Tuesday, 2 December 2014

SCRIPTS: Hearing voices by Ola Zaltin

It is said that a film is made three times: it is written, it is shot and it is edited. Every time it comes out somewhat different from what the original intent was. (Hell, quite often the original intent is all together forgotten, left for dead or just plain abandoned.)

Come to think of it, the three different stages of the making of a film could roughly be transferred to the classical three-act structure. There is the first act: the writing of the script, wherein we set up the central plot lines, introduce the characters – their flaws, wants and needs – and put the film in its proper genre. 

Then there's the second act, as it were, the actual shoot: the most arduous, conflict filled, relationship killing, suicide inducing, no-sleep-no-eat-lots-of-alcohol-and-pills a director can imagine.

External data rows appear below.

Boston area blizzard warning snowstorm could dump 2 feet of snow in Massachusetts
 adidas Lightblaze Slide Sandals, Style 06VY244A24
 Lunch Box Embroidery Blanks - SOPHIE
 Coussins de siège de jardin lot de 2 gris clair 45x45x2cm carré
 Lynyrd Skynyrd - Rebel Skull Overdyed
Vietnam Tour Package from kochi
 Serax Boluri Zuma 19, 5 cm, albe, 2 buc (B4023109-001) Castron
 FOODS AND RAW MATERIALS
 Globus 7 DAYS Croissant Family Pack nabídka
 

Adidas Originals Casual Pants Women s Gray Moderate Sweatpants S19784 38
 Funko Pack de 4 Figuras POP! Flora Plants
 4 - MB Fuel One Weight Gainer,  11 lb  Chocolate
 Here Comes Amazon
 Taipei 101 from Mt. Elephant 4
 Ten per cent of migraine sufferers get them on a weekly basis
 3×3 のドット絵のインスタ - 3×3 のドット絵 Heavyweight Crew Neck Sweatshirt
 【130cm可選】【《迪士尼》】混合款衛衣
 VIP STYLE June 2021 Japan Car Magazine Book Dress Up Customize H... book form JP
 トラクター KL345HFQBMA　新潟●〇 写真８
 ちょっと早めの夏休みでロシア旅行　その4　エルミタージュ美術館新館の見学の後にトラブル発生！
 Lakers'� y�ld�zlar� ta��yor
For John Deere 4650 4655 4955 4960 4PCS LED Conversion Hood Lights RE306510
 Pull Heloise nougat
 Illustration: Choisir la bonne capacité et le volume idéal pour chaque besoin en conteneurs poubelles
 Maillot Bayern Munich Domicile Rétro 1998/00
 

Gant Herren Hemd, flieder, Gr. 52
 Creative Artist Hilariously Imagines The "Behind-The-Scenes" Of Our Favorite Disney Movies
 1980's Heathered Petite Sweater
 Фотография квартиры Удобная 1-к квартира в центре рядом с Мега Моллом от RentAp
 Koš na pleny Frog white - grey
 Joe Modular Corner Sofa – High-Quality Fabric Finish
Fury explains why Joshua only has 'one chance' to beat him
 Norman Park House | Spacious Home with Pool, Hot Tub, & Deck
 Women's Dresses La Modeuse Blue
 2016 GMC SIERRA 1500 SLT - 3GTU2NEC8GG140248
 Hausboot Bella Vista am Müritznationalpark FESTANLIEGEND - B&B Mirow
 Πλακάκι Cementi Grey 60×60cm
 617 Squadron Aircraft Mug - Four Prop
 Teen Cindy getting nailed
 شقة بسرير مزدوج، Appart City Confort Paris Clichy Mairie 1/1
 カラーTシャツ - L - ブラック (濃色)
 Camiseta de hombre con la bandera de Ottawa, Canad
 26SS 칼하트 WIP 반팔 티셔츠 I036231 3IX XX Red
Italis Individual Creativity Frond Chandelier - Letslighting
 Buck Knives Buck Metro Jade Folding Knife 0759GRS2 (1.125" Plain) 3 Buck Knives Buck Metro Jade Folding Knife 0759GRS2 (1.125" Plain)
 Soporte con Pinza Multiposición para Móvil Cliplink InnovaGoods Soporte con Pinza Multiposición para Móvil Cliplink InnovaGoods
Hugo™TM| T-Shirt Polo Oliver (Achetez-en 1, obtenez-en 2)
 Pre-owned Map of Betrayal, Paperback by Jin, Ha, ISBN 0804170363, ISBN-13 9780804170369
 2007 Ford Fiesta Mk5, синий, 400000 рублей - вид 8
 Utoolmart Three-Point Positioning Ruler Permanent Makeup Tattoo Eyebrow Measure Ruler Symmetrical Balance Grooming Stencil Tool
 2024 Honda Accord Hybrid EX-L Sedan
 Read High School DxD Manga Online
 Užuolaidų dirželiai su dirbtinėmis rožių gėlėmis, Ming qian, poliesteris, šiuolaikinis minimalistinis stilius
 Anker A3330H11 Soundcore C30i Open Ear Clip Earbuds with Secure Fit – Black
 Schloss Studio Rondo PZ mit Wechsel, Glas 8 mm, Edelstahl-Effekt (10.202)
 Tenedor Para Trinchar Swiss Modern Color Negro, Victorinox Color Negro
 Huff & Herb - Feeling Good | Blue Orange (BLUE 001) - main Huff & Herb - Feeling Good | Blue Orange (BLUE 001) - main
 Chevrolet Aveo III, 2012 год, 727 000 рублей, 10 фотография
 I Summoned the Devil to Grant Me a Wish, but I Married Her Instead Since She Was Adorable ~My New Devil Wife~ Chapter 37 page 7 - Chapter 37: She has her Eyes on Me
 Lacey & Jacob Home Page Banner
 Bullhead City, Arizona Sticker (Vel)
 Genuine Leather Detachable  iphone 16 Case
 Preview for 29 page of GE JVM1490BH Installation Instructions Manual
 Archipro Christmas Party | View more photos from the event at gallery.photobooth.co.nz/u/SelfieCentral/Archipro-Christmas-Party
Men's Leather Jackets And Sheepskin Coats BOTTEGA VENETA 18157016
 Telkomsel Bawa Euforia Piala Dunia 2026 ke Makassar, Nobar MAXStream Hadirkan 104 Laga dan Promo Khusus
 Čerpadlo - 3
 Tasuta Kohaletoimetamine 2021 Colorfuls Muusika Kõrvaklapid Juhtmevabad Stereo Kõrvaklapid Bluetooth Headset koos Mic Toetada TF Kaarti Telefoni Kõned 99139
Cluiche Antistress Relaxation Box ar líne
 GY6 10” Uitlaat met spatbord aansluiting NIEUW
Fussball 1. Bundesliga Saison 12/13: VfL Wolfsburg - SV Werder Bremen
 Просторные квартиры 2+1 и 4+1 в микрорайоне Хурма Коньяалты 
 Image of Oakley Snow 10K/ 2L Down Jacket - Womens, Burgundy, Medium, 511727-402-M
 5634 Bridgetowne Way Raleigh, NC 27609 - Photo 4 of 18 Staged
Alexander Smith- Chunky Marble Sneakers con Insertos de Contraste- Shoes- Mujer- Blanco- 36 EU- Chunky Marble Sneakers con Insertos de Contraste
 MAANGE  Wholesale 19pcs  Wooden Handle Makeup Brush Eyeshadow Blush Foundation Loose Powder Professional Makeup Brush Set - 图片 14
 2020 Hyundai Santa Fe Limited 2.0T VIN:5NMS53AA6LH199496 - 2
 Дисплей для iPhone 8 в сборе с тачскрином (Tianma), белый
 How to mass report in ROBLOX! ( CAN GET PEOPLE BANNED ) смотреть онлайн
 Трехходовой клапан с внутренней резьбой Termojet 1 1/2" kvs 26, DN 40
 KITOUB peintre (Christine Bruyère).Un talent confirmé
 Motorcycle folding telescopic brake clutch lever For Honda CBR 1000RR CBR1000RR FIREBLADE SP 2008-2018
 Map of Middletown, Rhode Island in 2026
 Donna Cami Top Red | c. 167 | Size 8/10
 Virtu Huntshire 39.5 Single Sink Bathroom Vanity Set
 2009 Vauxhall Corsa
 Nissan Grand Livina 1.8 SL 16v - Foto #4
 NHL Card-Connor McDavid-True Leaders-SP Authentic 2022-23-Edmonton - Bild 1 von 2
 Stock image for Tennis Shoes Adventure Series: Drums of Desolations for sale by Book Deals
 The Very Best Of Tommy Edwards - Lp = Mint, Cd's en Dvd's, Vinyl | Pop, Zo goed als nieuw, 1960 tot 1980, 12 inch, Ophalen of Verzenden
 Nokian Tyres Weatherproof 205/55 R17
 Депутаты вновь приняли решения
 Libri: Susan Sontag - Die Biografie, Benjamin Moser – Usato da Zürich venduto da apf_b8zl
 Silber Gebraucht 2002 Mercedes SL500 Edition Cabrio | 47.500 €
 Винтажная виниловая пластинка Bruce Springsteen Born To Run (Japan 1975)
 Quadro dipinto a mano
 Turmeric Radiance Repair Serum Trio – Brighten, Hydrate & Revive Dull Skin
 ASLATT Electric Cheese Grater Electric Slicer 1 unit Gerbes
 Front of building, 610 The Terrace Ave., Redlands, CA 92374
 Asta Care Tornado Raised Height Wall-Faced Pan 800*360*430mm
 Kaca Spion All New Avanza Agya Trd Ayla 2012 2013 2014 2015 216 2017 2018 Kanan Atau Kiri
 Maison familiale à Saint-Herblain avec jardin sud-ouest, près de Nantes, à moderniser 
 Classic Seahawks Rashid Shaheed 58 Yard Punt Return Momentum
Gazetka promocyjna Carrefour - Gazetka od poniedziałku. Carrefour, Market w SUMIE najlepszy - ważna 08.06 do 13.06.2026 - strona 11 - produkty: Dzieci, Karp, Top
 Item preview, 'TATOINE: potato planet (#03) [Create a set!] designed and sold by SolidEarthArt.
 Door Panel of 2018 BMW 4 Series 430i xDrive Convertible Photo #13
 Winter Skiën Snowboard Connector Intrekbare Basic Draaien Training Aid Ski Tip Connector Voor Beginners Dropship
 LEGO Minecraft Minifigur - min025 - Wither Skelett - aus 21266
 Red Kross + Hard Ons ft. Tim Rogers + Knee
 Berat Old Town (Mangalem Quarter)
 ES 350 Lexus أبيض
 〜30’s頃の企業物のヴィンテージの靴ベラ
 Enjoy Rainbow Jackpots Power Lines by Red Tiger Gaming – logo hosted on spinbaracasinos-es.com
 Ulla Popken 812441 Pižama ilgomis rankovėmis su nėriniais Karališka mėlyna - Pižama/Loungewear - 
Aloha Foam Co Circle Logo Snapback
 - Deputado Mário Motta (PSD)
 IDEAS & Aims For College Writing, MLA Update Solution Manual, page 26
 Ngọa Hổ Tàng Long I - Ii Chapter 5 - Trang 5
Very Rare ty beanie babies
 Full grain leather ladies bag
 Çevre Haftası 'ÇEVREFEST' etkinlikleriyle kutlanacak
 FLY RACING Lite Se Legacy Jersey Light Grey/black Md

And then some. This all inevitably leads up to the climax of the process, which is the last day of shooting, plus one week of over-budget pick-up shots that were missed or lost, and then to cap it all off: the wrap party.

The wrap party is ostensibly there to celebrate the end of a successful shoot. In reality, it's the one time that the entire crew can unwind, let their guard down and go bananas. And they do. There's drinking like the world ends tomorrow, drugs in the stalls, making out in the corners and shagging on the lawn. (This is all before the appetizers, mind.)

After that comes the mellow third act, the easing of the tension, tying up all the loose ends that is the editing process.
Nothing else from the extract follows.